# [Material supplied]
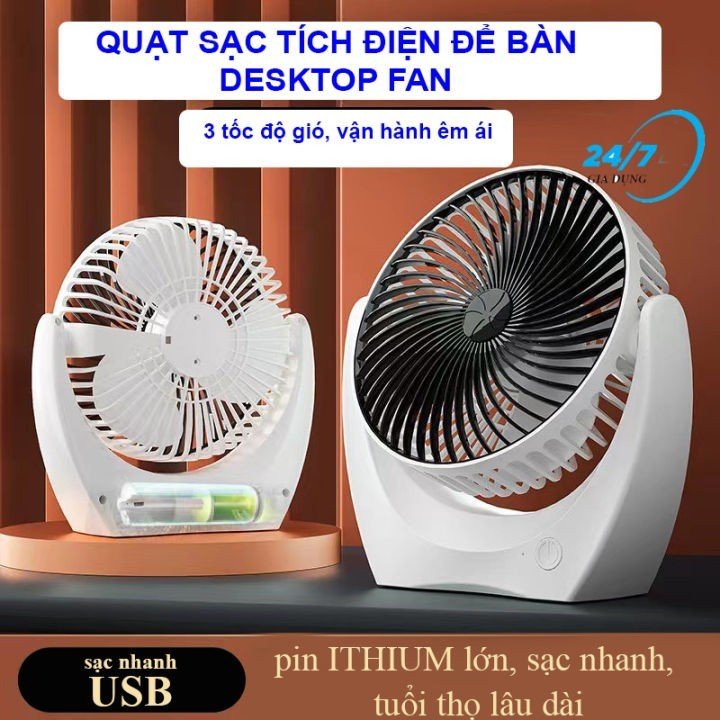 Quạt Tích Điện Để Bàn Mini , Quạt Mini, Kẹp Bàn Chắc Chắn, Xoay 720 Độ - Bảo Hành 12 Tháng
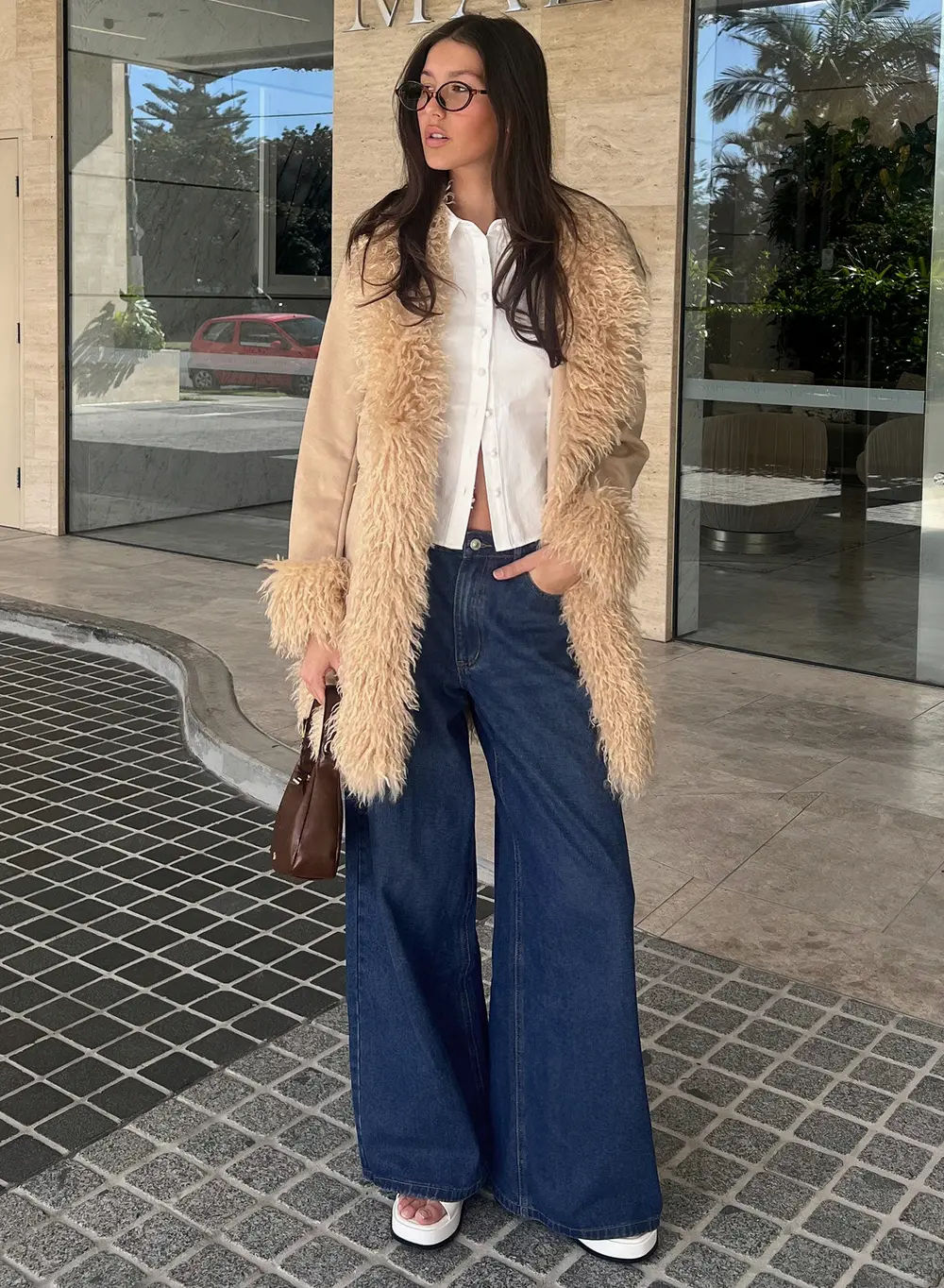 Naylor Mid Rise Wide Leg Jeans Mid Blue Denim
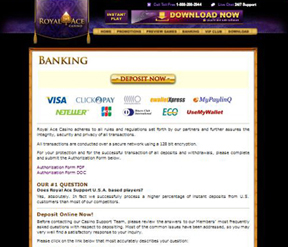 The banking options at Ace Revenue online casinos.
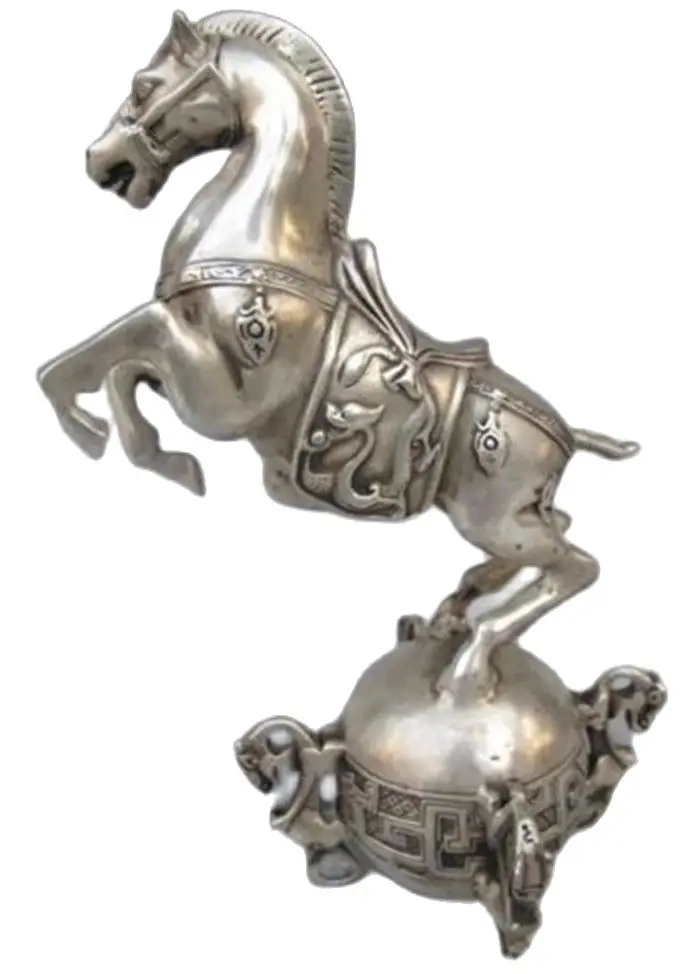 

Collectible home Decorated Old Handwork Tibet Silver Bronze Statue-Horse fengshui Statue metal crafts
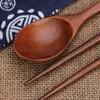 100set 2pcs/set Wood Chopsticks And Spoon With Pattern Bag Packaging Creative Personalized Wedding Favors Gifts Party Return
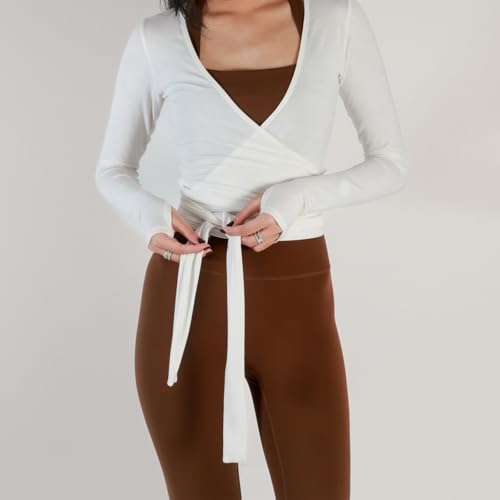 Women Yoga Ballet Wrap Top Pilates Cover up Athletic Running Gym Workout Casual Basic Tee Shirt Blouse4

# [Exercise aim]
Copy the listing above word for word. Do not include the pictures.

# [Output]
 Quạt Tích Điện Để Bàn Mini , Quạt Mini, Kẹp Bàn Chắc Chắn, Xoay 720 Độ - Bảo Hành 12 Tháng
 Naylor Mid Rise Wide Leg Jeans Mid Blue Denim
 The banking options at Ace Revenue online casinos.

Collectible home Decorated Old Handwork Tibet Silver Bronze Statue-Horse fengshui Statue metal crafts
 100set 2pcs/set Wood Chopsticks And Spoon With Pattern Bag Packaging Creative Personalized Wedding Favors Gifts Party Return
 Women Yoga Ballet Wrap Top Pilates Cover up Athletic Running Gym Workout Casual Basic Tee Shirt Blouse4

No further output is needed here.